=== Entries shown ===

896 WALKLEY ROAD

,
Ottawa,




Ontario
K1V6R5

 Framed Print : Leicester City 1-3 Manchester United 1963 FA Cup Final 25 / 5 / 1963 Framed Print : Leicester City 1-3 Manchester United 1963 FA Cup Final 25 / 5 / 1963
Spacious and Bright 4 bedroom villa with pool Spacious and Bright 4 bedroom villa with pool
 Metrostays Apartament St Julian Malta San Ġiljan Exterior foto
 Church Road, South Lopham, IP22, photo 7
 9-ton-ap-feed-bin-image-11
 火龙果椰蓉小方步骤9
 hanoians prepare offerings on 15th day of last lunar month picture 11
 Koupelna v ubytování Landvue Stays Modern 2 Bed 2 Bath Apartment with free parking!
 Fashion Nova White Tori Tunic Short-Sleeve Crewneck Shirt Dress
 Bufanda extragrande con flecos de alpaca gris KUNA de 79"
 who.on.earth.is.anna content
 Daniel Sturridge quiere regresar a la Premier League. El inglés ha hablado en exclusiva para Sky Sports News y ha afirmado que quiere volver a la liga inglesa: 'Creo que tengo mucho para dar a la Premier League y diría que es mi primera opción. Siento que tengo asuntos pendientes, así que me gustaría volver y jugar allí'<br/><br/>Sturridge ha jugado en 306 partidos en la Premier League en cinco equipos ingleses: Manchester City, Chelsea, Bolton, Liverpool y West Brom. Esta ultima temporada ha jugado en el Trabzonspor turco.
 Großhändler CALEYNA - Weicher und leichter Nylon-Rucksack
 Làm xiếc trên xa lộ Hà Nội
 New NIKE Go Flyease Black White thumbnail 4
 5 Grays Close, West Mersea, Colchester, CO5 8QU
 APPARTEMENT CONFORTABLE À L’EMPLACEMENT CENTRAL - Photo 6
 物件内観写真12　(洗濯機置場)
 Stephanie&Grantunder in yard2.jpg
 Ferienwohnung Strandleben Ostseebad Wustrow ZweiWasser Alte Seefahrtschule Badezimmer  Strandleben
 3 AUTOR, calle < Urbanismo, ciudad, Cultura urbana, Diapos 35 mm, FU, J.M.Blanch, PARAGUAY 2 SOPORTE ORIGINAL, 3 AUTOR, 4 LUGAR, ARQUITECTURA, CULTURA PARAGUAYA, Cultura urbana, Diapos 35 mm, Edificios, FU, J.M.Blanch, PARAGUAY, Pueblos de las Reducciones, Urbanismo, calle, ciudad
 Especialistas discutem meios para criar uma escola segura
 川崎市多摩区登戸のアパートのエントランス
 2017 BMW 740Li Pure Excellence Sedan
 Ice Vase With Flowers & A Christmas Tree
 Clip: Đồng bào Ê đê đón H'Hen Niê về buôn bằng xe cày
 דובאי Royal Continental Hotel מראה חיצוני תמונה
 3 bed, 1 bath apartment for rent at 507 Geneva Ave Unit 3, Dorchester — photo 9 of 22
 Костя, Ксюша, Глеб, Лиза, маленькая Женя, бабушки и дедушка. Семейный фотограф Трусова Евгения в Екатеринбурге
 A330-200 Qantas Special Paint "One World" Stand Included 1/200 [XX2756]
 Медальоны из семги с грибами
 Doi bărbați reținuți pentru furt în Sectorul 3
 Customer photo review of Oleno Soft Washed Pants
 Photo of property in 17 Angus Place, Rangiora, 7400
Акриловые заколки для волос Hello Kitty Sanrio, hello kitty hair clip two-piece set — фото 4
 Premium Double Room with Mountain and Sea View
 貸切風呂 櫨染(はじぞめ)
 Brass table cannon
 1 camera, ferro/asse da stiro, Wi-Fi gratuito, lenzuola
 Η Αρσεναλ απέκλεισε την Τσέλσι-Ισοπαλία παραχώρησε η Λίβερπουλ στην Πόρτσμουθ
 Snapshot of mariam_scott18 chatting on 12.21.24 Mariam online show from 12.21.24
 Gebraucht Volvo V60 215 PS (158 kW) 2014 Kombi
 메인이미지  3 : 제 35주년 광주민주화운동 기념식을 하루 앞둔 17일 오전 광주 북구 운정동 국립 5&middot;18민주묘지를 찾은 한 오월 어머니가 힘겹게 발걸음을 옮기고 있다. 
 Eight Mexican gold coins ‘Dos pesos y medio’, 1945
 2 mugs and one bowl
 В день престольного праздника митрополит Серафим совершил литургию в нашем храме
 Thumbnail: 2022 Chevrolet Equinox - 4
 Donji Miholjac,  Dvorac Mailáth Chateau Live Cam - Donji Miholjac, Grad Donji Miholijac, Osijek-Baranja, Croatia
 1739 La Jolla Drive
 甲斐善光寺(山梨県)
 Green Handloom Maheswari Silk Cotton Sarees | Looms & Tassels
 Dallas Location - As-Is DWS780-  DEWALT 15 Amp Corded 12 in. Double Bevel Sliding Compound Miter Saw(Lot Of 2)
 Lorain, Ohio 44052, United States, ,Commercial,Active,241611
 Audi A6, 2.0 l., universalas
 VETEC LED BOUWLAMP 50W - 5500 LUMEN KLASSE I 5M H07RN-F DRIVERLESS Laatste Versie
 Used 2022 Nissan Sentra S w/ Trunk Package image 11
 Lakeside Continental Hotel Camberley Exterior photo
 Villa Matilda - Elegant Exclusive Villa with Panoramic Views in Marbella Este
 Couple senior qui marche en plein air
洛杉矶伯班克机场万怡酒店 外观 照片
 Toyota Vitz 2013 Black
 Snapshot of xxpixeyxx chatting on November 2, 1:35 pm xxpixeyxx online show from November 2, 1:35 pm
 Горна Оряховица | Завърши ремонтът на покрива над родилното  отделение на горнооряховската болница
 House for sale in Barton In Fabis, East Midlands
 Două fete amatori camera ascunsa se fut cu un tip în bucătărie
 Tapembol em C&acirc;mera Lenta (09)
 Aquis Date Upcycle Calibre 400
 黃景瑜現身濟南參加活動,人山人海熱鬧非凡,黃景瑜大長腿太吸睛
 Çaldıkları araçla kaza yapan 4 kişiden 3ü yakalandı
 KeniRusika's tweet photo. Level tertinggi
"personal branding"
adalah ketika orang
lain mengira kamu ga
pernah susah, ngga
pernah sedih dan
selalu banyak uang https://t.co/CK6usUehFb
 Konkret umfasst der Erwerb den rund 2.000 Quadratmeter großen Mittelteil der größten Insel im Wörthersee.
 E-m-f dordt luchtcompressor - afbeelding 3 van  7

===

Task description: Every record above needs to be restated exactly.

Worked solution:
896 WALKLEY ROAD

,
Ottawa,




Ontario
K1V6R5

 Framed Print : Leicester City 1-3 Manchester United 1963 FA Cup Final 25 / 5 / 1963 Framed Print : Leicester City 1-3 Manchester United 1963 FA Cup Final 25 / 5 / 1963
Spacious and Bright 4 bedroom villa with pool Spacious and Bright 4 bedroom villa with pool
 Metrostays Apartament St Julian Malta San Ġiljan Exterior foto
 Church Road, South Lopham, IP22, photo 7
 9-ton-ap-feed-bin-image-11
 火龙果椰蓉小方步骤9
 hanoians prepare offerings on 15th day of last lunar month picture 11
 Koupelna v ubytování Landvue Stays Modern 2 Bed 2 Bath Apartment with free parking!
 Fashion Nova White Tori Tunic Short-Sleeve Crewneck Shirt Dress
 Bufanda extragrande con flecos de alpaca gris KUNA de 79"
 who.on.earth.is.anna content
 Daniel Sturridge quiere regresar a la Premier League. El inglés ha hablado en exclusiva para Sky Sports News y ha afirmado que quiere volver a la liga inglesa: 'Creo que tengo mucho para dar a la Premier League y diría que es mi primera opción. Siento que tengo asuntos pendientes, así que me gustaría volver y jugar allí'<br/><br/>Sturridge ha jugado en 306 partidos en la Premier League en cinco equipos ingleses: Manchester City, Chelsea, Bolton, Liverpool y West Brom. Esta ultima temporada ha jugado en el Trabzonspor turco.
 Großhändler CALEYNA - Weicher und leichter Nylon-Rucksack
 Làm xiếc trên xa lộ Hà Nội
 New NIKE Go Flyease Black White thumbnail 4
 5 Grays Close, West Mersea, Colchester, CO5 8QU
 APPARTEMENT CONFORTABLE À L’EMPLACEMENT CENTRAL - Photo 6
 物件内観写真12　(洗濯機置場)
 Stephanie&Grantunder in yard2.jpg
 Ferienwohnung Strandleben Ostseebad Wustrow ZweiWasser Alte Seefahrtschule Badezimmer  Strandleben
 3 AUTOR, calle < Urbanismo, ciudad, Cultura urbana, Diapos 35 mm, FU, J.M.Blanch, PARAGUAY 2 SOPORTE ORIGINAL, 3 AUTOR, 4 LUGAR, ARQUITECTURA, CULTURA PARAGUAYA, Cultura urbana, Diapos 35 mm, Edificios, FU, J.M.Blanch, PARAGUAY, Pueblos de las Reducciones, Urbanismo, calle, ciudad
 Especialistas discutem meios para criar uma escola segura
 川崎市多摩区登戸のアパートのエントランス
 2017 BMW 740Li Pure Excellence Sedan
 Ice Vase With Flowers & A Christmas Tree
 Clip: Đồng bào Ê đê đón H'Hen Niê về buôn bằng xe cày
 דובאי Royal Continental Hotel מראה חיצוני תמונה
 3 bed, 1 bath apartment for rent at 507 Geneva Ave Unit 3, Dorchester — photo 9 of 22
 Костя, Ксюша, Глеб, Лиза, маленькая Женя, бабушки и дедушка. Семейный фотограф Трусова Евгения в Екатеринбурге
 A330-200 Qantas Special Paint "One World" Stand Included 1/200 [XX2756]
 Медальоны из семги с грибами
 Doi bărbați reținuți pentru furt în Sectorul 3
 Customer photo review of Oleno Soft Washed Pants
 Photo of property in 17 Angus Place, Rangiora, 7400
Акриловые заколки для волос Hello Kitty Sanrio, hello kitty hair clip two-piece set — фото 4
 Premium Double Room with Mountain and Sea View
 貸切風呂 櫨染(はじぞめ)
 Brass table cannon
 1 camera, ferro/asse da stiro, Wi-Fi gratuito, lenzuola
 Η Αρσεναλ απέκλεισε την Τσέλσι-Ισοπαλία παραχώρησε η Λίβερπουλ στην Πόρτσμουθ
 Snapshot of mariam_scott18 chatting on 12.21.24 Mariam online show from 12.21.24
 Gebraucht Volvo V60 215 PS (158 kW) 2014 Kombi
 메인이미지  3 : 제 35주년 광주민주화운동 기념식을 하루 앞둔 17일 오전 광주 북구 운정동 국립 5&middot;18민주묘지를 찾은 한 오월 어머니가 힘겹게 발걸음을 옮기고 있다. 
 Eight Mexican gold coins ‘Dos pesos y medio’, 1945
 2 mugs and one bowl
 В день престольного праздника митрополит Серафим совершил литургию в нашем храме
 Thumbnail: 2022 Chevrolet Equinox - 4
 Donji Miholjac,  Dvorac Mailáth Chateau Live Cam - Donji Miholjac, Grad Donji Miholijac, Osijek-Baranja, Croatia
 1739 La Jolla Drive
 甲斐善光寺(山梨県)
 Green Handloom Maheswari Silk Cotton Sarees | Looms & Tassels
 Dallas Location - As-Is DWS780-  DEWALT 15 Amp Corded 12 in. Double Bevel Sliding Compound Miter Saw(Lot Of 2)
 Lorain, Ohio 44052, United States, ,Commercial,Active,241611
 Audi A6, 2.0 l., universalas
 VETEC LED BOUWLAMP 50W - 5500 LUMEN KLASSE I 5M H07RN-F DRIVERLESS Laatste Versie
 Used 2022 Nissan Sentra S w/ Trunk Package image 11
 Lakeside Continental Hotel Camberley Exterior photo
 Villa Matilda - Elegant Exclusive Villa with Panoramic Views in Marbella Este
 Couple senior qui marche en plein air
洛杉矶伯班克机场万怡酒店 外观 照片
 Toyota Vitz 2013 Black
 Snapshot of xxpixeyxx chatting on November 2, 1:35 pm xxpixeyxx online show from November 2, 1:35 pm
 Горна Оряховица | Завърши ремонтът на покрива над родилното  отделение на горнооряховската болница
 House for sale in Barton In Fabis, East Midlands
 Două fete amatori camera ascunsa se fut cu un tip în bucătărie
 Tapembol em C&acirc;mera Lenta (09)
 Aquis Date Upcycle Calibre 400
 黃景瑜現身濟南參加活動,人山人海熱鬧非凡,黃景瑜大長腿太吸睛
 Çaldıkları araçla kaza yapan 4 kişiden 3ü yakalandı
 KeniRusika's tweet photo. Level tertinggi
"personal branding"
adalah ketika orang
lain mengira kamu ga
pernah susah, ngga
pernah sedih dan
selalu banyak uang https://t.co/CK6usUehFb
 Konkret umfasst der Erwerb den rund 2.000 Quadratmeter großen Mittelteil der größten Insel im Wörthersee.
 E-m-f dordt luchtcompressor - afbeelding 3 van  7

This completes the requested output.